Berlin (kath.net) Wird künftig die Beihilfe zur Selbsttötung für Privatpersonen oder auch Ärzte erlaubt oder generell verboten? Am 6. November 2015 wird der Deutsche Bundestag über die Neufassung des § 217 StGB entscheiden. Die Bundesregierung wollte zunächst dem Unwesen von sogenannten Sterbehilfevereinen ein Ende setzen. Aber aus dieser anfangs gut gemeinten Motivation sind mittlerweile drei Gesetzentwürfe entwickelt worden, von denen zwei sogar die Beihilfe zur Selbsttötung in verschiedenen Abstufungen erlauben wollen. Nur der Gesetzentwurf von Prof. Sensburg und Thomas Dörflinger fordert ein Verbot der Tötungsbeihilfe. Im kath.net-Interview bezieht Christiane Lambrecht (Foto), Vorsitzende der „Christdemokraten für das Leben“ (CDL) in Bayern, Stellung.
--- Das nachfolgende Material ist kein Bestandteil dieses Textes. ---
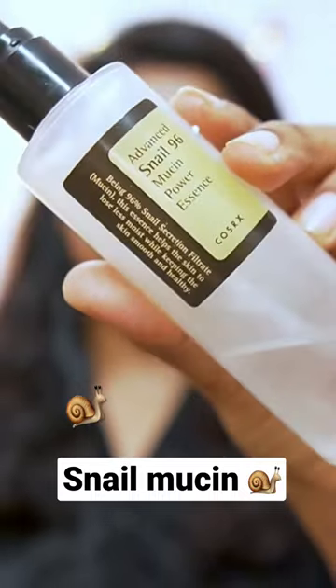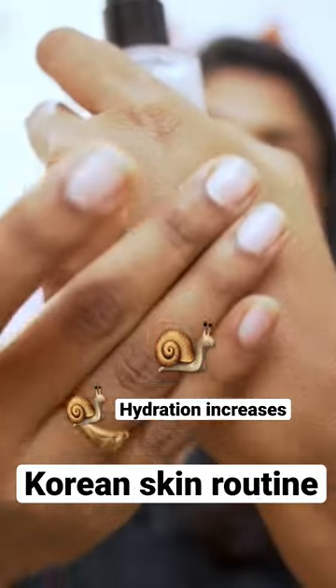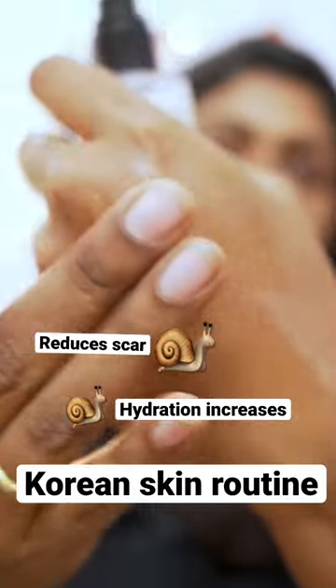There is snail mucin that is popular in Korean skin care routines. What do you do with snail mucin? It increases hydration and collagen. That's why you stay young.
kath.net: Frau Lambrecht, welcher Gesetzentwurf gilt momentan als mehrheitsfähig?

Christiane Lambrecht:
Als mehrheitsfähig wird der interfraktionelle Gesetzentwurf von Michael Brand (CDU), Kerstin Giese (SPD), Kathrin Vogler (Linkspartei), Dr. Harald Terpe (GRÜNE) und Michael Frieser (CSU) zum § 217 StGB angesehen. Dieser will in Absatz 1 die „geschäftsmäßige Förderung der Selbsttötung“ unter Strafe stellen. Allerdings sollen gemäß Absatz 2 Anstiftung und Beihilfe zu diesem neuen Delikt dann straffrei bleiben, wenn der Teilnehmer selbst nicht geschäftsmäßig handelt und er entweder Angehöriger des Suizidenten ist oder diesem nahesteht. Bundesgesundheitsminister Hermann Gröhe, Volker Kauder und Wolfgang Bosbach haben bereits unterzeichnet.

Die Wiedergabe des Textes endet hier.